Scraped caption text data
-- -- --

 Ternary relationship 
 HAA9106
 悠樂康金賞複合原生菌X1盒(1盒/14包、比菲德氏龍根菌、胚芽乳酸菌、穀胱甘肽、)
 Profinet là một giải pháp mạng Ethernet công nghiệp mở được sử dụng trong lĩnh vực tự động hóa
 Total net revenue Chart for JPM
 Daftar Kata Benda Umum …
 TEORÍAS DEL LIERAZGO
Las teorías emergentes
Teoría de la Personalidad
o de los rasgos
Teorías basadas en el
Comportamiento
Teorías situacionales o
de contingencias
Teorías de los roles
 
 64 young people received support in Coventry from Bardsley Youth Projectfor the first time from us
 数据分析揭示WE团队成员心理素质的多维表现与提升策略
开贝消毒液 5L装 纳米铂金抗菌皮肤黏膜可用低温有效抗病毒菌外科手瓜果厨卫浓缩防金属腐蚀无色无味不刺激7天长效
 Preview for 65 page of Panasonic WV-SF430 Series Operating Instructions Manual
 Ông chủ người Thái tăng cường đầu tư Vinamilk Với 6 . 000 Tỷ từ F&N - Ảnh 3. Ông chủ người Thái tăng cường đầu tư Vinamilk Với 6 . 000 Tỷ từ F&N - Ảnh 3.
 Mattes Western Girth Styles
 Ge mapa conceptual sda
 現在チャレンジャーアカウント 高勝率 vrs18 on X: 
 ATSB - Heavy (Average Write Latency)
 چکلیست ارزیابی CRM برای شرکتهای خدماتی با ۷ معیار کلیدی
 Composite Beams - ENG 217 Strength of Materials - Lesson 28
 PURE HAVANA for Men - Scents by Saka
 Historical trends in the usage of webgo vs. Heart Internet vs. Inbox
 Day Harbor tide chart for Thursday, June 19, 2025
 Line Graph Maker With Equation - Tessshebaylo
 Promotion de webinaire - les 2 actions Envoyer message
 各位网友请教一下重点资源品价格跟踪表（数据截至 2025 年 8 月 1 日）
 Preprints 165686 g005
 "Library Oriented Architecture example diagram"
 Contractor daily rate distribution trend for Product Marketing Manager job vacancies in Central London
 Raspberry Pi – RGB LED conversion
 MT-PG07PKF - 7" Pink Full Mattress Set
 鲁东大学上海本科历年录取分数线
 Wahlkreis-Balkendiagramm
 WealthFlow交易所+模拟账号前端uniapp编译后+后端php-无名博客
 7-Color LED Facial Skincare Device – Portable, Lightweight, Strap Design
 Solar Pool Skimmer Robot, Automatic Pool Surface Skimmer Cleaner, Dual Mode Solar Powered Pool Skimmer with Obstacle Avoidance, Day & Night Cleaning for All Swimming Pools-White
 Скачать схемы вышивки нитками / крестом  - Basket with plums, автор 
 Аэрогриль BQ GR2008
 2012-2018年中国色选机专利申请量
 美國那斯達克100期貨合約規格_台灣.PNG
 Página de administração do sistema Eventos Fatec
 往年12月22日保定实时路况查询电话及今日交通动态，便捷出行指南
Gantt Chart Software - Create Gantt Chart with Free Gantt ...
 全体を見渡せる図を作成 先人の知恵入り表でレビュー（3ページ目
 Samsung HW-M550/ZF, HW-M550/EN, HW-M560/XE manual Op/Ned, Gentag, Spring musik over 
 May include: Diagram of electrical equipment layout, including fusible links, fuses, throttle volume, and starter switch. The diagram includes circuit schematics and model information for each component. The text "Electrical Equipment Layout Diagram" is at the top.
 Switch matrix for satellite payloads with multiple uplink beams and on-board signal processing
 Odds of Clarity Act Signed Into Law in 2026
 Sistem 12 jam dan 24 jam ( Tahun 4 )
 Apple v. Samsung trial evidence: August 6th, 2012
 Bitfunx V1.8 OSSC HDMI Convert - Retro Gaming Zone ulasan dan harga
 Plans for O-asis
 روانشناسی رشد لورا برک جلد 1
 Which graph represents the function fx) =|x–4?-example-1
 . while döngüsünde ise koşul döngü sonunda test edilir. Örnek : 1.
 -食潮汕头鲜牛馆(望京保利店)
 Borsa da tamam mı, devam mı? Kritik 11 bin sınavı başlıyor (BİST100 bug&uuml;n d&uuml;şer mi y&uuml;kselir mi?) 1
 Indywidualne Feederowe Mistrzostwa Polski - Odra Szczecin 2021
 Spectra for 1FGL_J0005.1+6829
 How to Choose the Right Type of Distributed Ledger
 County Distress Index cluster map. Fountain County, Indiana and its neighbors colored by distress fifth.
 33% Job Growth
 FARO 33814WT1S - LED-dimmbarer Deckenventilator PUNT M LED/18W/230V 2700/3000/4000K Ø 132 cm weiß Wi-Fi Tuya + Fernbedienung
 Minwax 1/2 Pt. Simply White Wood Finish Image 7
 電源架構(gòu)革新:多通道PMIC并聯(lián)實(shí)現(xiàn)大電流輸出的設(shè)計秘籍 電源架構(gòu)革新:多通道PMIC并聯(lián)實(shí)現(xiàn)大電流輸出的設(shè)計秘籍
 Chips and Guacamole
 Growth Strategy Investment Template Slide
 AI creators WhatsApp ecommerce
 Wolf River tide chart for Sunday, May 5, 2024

-- -- --

▸ Brief: From the records above, extract every line exactly as it stands.

▸ Task output:
 Ternary relationship 
 HAA9106
 悠樂康金賞複合原生菌X1盒(1盒/14包、比菲德氏龍根菌、胚芽乳酸菌、穀胱甘肽、)
 Profinet là một giải pháp mạng Ethernet công nghiệp mở được sử dụng trong lĩnh vực tự động hóa
 Total net revenue Chart for JPM
 Daftar Kata Benda Umum …
 TEORÍAS DEL LIERAZGO
Las teorías emergentes
Teoría de la Personalidad
o de los rasgos
Teorías basadas en el
Comportamiento
Teorías situacionales o
de contingencias
Teorías de los roles
 
 64 young people received support in Coventry from Bardsley Youth Projectfor the first time from us
 数据分析揭示WE团队成员心理素质的多维表现与提升策略
开贝消毒液 5L装 纳米铂金抗菌皮肤黏膜可用低温有效抗病毒菌外科手瓜果厨卫浓缩防金属腐蚀无色无味不刺激7天长效
 Preview for 65 page of Panasonic WV-SF430 Series Operating Instructions Manual
 Ông chủ người Thái tăng cường đầu tư Vinamilk Với 6 . 000 Tỷ từ F&N - Ảnh 3. Ông chủ người Thái tăng cường đầu tư Vinamilk Với 6 . 000 Tỷ từ F&N - Ảnh 3.
 Mattes Western Girth Styles
 Ge mapa conceptual sda
 現在チャレンジャーアカウント 高勝率 vrs18 on X: 
 ATSB - Heavy (Average Write Latency)
 چکلیست ارزیابی CRM برای شرکتهای خدماتی با ۷ معیار کلیدی
 Composite Beams - ENG 217 Strength of Materials - Lesson 28
 PURE HAVANA for Men - Scents by Saka
 Historical trends in the usage of webgo vs. Heart Internet vs. Inbox
 Day Harbor tide chart for Thursday, June 19, 2025
 Line Graph Maker With Equation - Tessshebaylo
 Promotion de webinaire - les 2 actions Envoyer message
 各位网友请教一下重点资源品价格跟踪表（数据截至 2025 年 8 月 1 日）
 Preprints 165686 g005
 "Library Oriented Architecture example diagram"
 Contractor daily rate distribution trend for Product Marketing Manager job vacancies in Central London
 Raspberry Pi – RGB LED conversion
 MT-PG07PKF - 7" Pink Full Mattress Set
 鲁东大学上海本科历年录取分数线
 Wahlkreis-Balkendiagramm
 WealthFlow交易所+模拟账号前端uniapp编译后+后端php-无名博客
 7-Color LED Facial Skincare Device – Portable, Lightweight, Strap Design
 Solar Pool Skimmer Robot, Automatic Pool Surface Skimmer Cleaner, Dual Mode Solar Powered Pool Skimmer with Obstacle Avoidance, Day & Night Cleaning for All Swimming Pools-White
 Скачать схемы вышивки нитками / крестом  - Basket with plums, автор 
 Аэрогриль BQ GR2008
 2012-2018年中国色选机专利申请量
 美國那斯達克100期貨合約規格_台灣.PNG
 Página de administração do sistema Eventos Fatec
 往年12月22日保定实时路况查询电话及今日交通动态，便捷出行指南
Gantt Chart Software - Create Gantt Chart with Free Gantt ...
 全体を見渡せる図を作成 先人の知恵入り表でレビュー（3ページ目
 Samsung HW-M550/ZF, HW-M550/EN, HW-M560/XE manual Op/Ned, Gentag, Spring musik over 
 May include: Diagram of electrical equipment layout, including fusible links, fuses, throttle volume, and starter switch. The diagram includes circuit schematics and model information for each component. The text "Electrical Equipment Layout Diagram" is at the top.
 Switch matrix for satellite payloads with multiple uplink beams and on-board signal processing
 Odds of Clarity Act Signed Into Law in 2026
 Sistem 12 jam dan 24 jam ( Tahun 4 )
 Apple v. Samsung trial evidence: August 6th, 2012
 Bitfunx V1.8 OSSC HDMI Convert - Retro Gaming Zone ulasan dan harga
 Plans for O-asis
 روانشناسی رشد لورا برک جلد 1
 Which graph represents the function fx) =|x–4?-example-1
 . while döngüsünde ise koşul döngü sonunda test edilir. Örnek : 1.
 -食潮汕头鲜牛馆(望京保利店)
 Borsa da tamam mı, devam mı? Kritik 11 bin sınavı başlıyor (BİST100 bug&uuml;n d&uuml;şer mi y&uuml;kselir mi?) 1
 Indywidualne Feederowe Mistrzostwa Polski - Odra Szczecin 2021
 Spectra for 1FGL_J0005.1+6829
 How to Choose the Right Type of Distributed Ledger
 County Distress Index cluster map. Fountain County, Indiana and its neighbors colored by distress fifth.
 33% Job Growth
 FARO 33814WT1S - LED-dimmbarer Deckenventilator PUNT M LED/18W/230V 2700/3000/4000K Ø 132 cm weiß Wi-Fi Tuya + Fernbedienung
 Minwax 1/2 Pt. Simply White Wood Finish Image 7
 電源架構(gòu)革新:多通道PMIC并聯(lián)實(shí)現(xiàn)大電流輸出的設(shè)計秘籍 電源架構(gòu)革新:多通道PMIC并聯(lián)實(shí)現(xiàn)大電流輸出的設(shè)計秘籍
 Chips and Guacamole
 Growth Strategy Investment Template Slide
 AI creators WhatsApp ecommerce
 Wolf River tide chart for Sunday, May 5, 2024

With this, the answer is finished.